* Exercise goal *
Copy, word for word, the opening line of the data and each line after it until the line that contains "D1062, 10.30 Bridgnorth-Kidderminster, Bewdley", which is included. Leave the pictures out.

(Beginning of Records for the exercise)

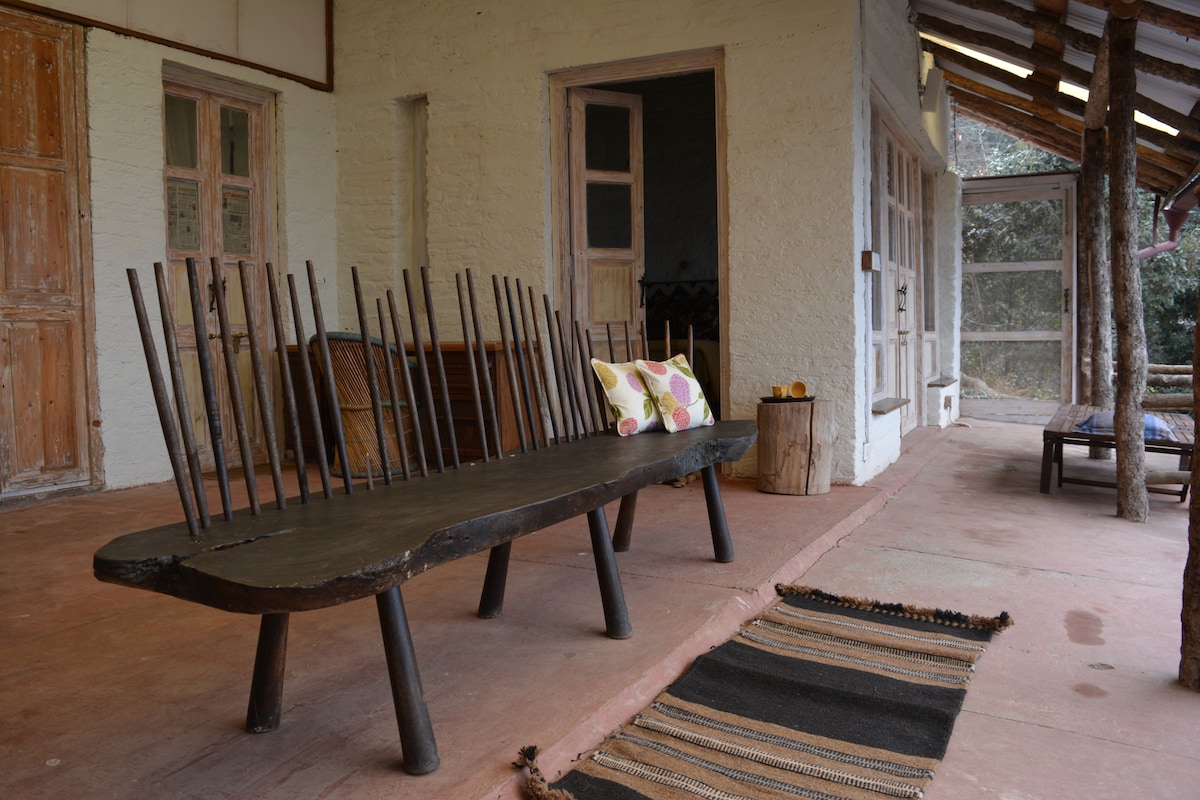 A rustic seating area features a long wooden bench with distinctive slat backrests and a decorative pillow. The space is complemented by a woven rug and showcases natural materials, allowing for a connection with the surrounding forest.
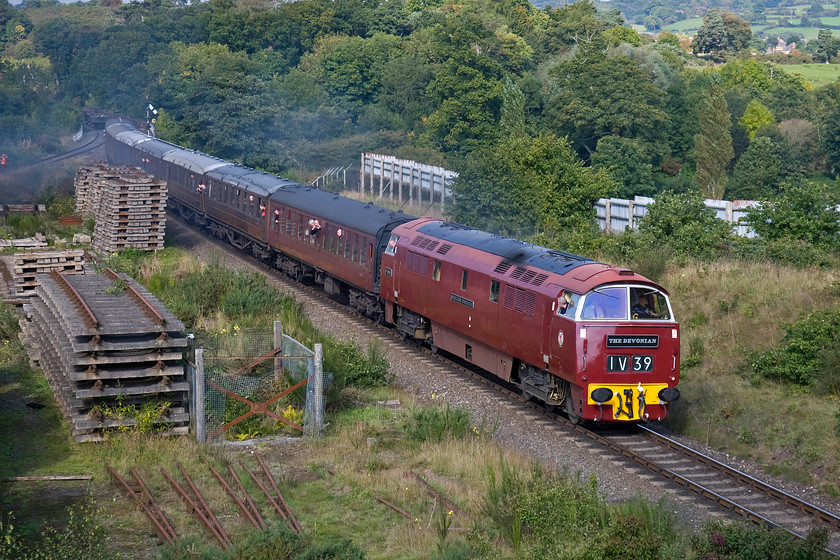 D1062, 10.30 Bridgnorth-Kidderminster, Bewdley South Junction SO799749 
 Taken from a superb vantage point but one, unfortunately, blighted by the storage of track panels, sees D1062 'Western Courier' getting away from Bewdley with the 10.30 Bridgnorth to Kidderminster train. This location is known as Bewdley South Junction and marks the spot where the former Stourport-on-Severn route diverged to the left (in this view). The driver of D1062 was driving extremely cautiously on the approach but just prior to the shutter being pressed opened up the twin Maybachs and roared past the spot with a blow of the horn.

There is an audio recording of this event on my youtube channel, see.... https://youtu.be/aR5Zsev3R-U 
 Keywords: D1062 10.30 Bridgnorth-Kidderminster Bewdley South Junction SO799749 Western Courier The Devonion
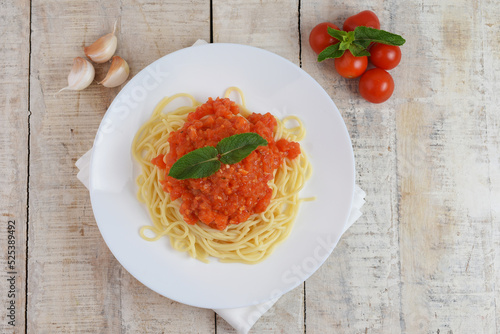 Top view of plate with spaghetti in tomato sauce and basil. Copy space for text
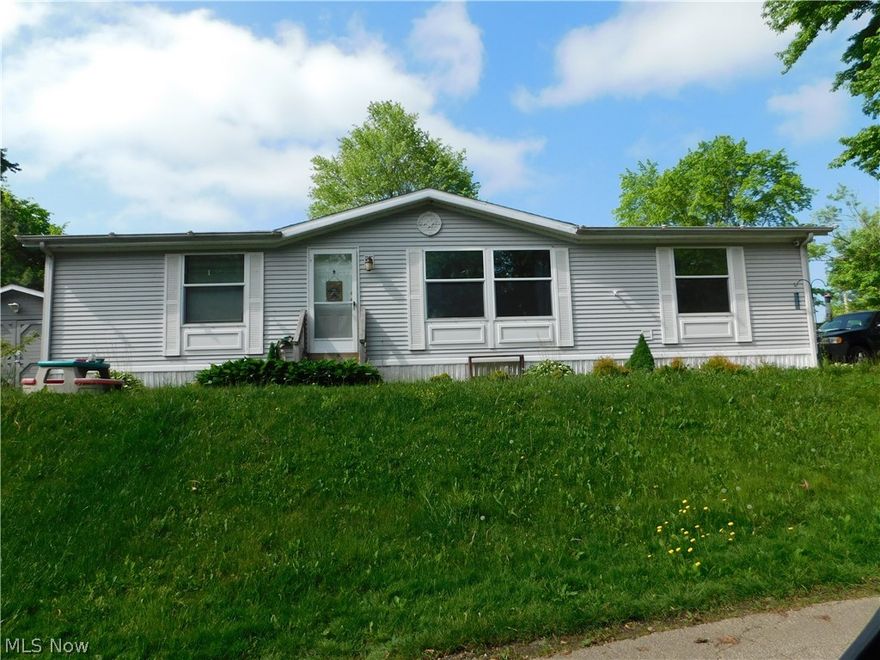 Welcome home to this updated 3 bedroom 2 bath home! The open kitchen has beautiful backsplash and a walk in pantry big enough for a chest freezer that stays with the home. The dining room leads you into the huge living room with lots of natural light. The master bath has a spacious walk in shower measuring 50 x 50. The bedroom closets offer plenty of storage space as well. There is a shed behind the home for extra storage and a nice patio and gravel area to BBQ and hang out. Many flowers planted around the home, last year the seller even had a garden going. There is a grape abhor behind the shed growing good as well.  Located in Summit estates off summit road. Conveniently located near KSU and expressways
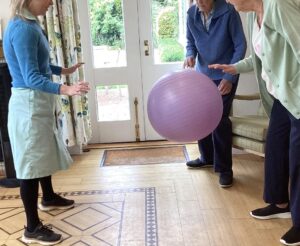 Staff member and residents enjoying a ball game.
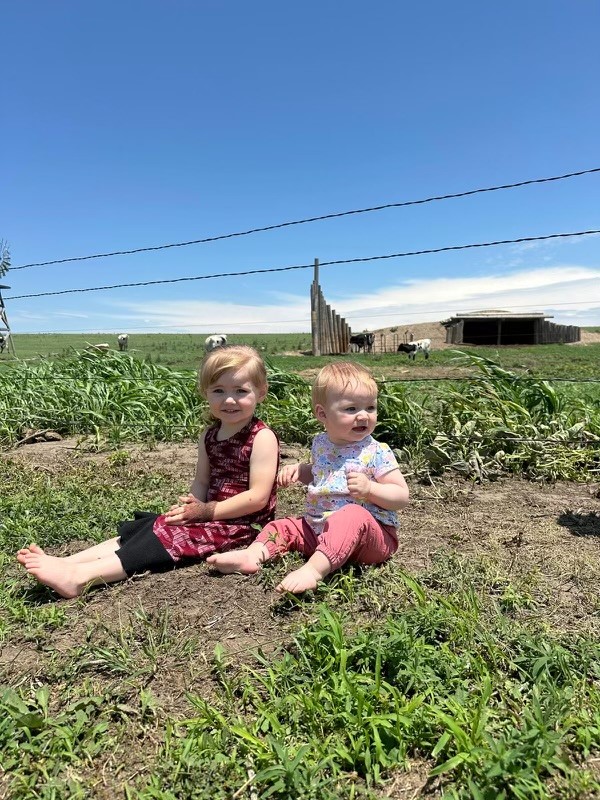 Two young children, Madilynn Grace and Haylie Faith Unger, sitting in the grass in rural Haskell County, Kansas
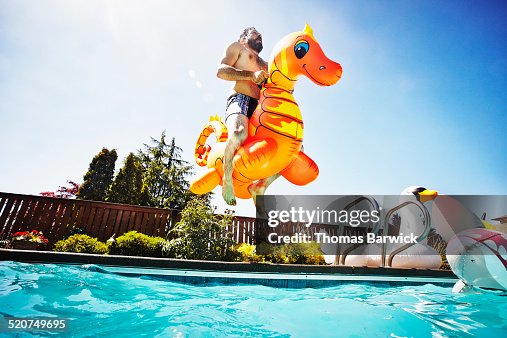 Man jumping into pool with inflatable pool toy Man jumping into pool with inflatable pool toy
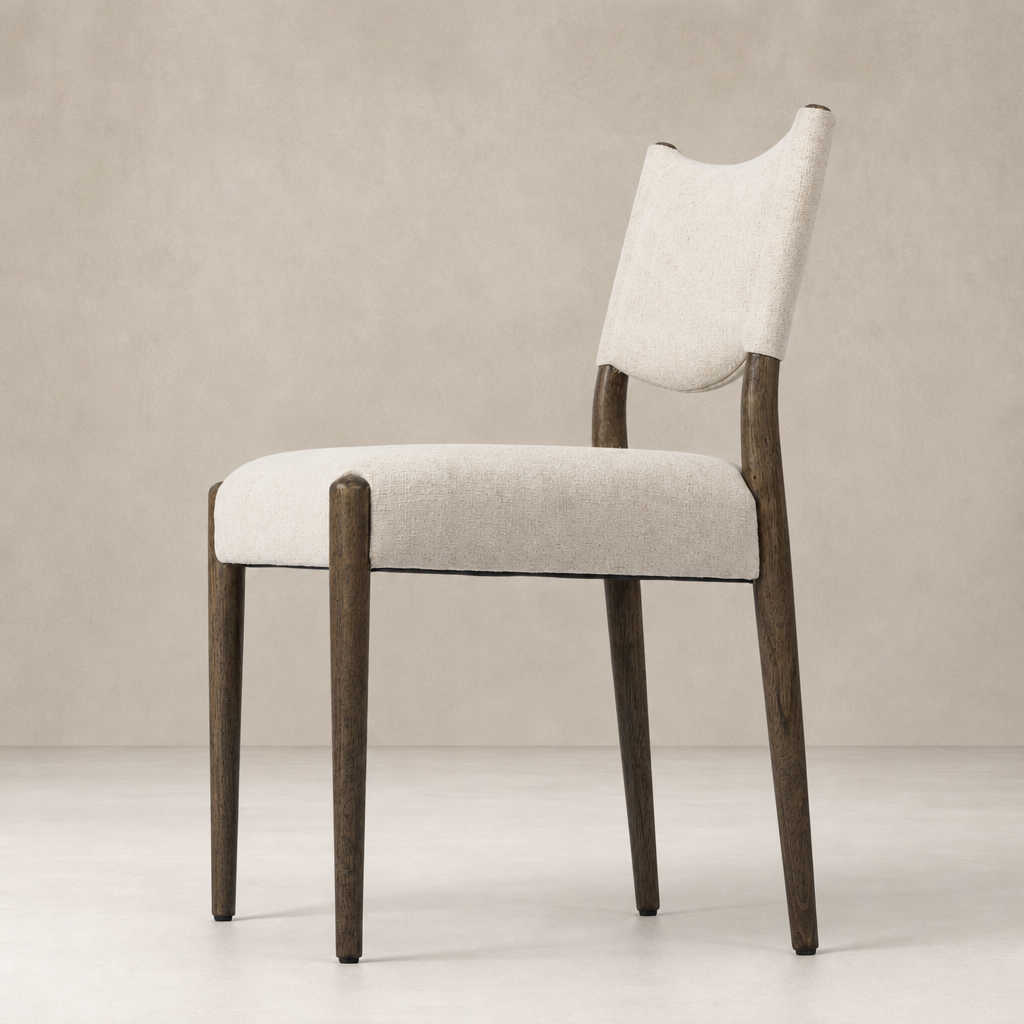 Mira Armless Dining Chair in Antwerp Natural features a textured upholstery and sleek wooden legs.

(End of Records for the exercise)

* Task output *
 A rustic seating area features a long wooden bench with distinctive slat backrests and a decorative pillow. The space is complemented by a woven rug and showcases natural materials, allowing for a connection with the surrounding forest.
 D1062, 10.30 Bridgnorth-Kidderminster, Bewdley South Junction SO799749 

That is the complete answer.